Dr. Samuels himself battled years of drug and alcohol addiction. From the age of sixteen until he was thirty-two, Dr. Samuels had his own intense struggle with addiction to cocaine and heroin. Howard has been clean and sober for 28 years from heroin and cocaine addiction.
“Speaking on a personal level, I was dealt that ‘addict card,’ but I was one of the lucky ones. There’s no reason that I am alive and she didn’t make it, other than personal body chemistry and luck. Treatment is hard work. Staying sober is hard work, but it will keep you from this kind of an early death.”

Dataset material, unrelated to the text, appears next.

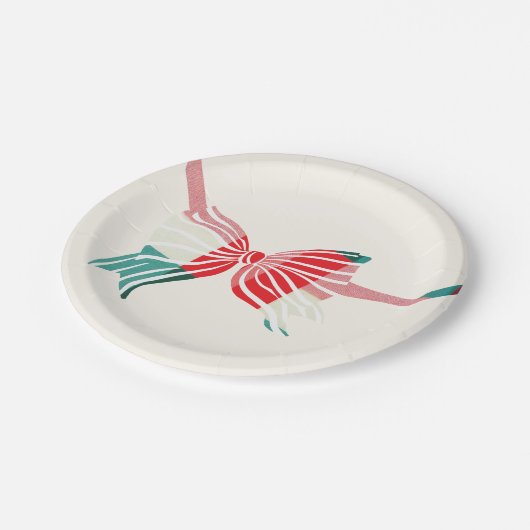 Weihnachten Grün und Rot Kariert getickt mit Bow U Pappteller (Schrägansicht)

Dr. Samuels added, “It took me a long time to manage and defeat addiction, and I’m one of the lucky ones. You need to understand that alcohol and Benzos are a lethal combination. Benzos and Opiates are a lethal combination. And as we get older, the chances of surviving these toxic combinations decreases. If Amanda could have been in treatment and become sober, she could have worked on the psychological issues she was struggling with. For lack of proper supervision, therapy and medical care, she just didn’t have a chance.”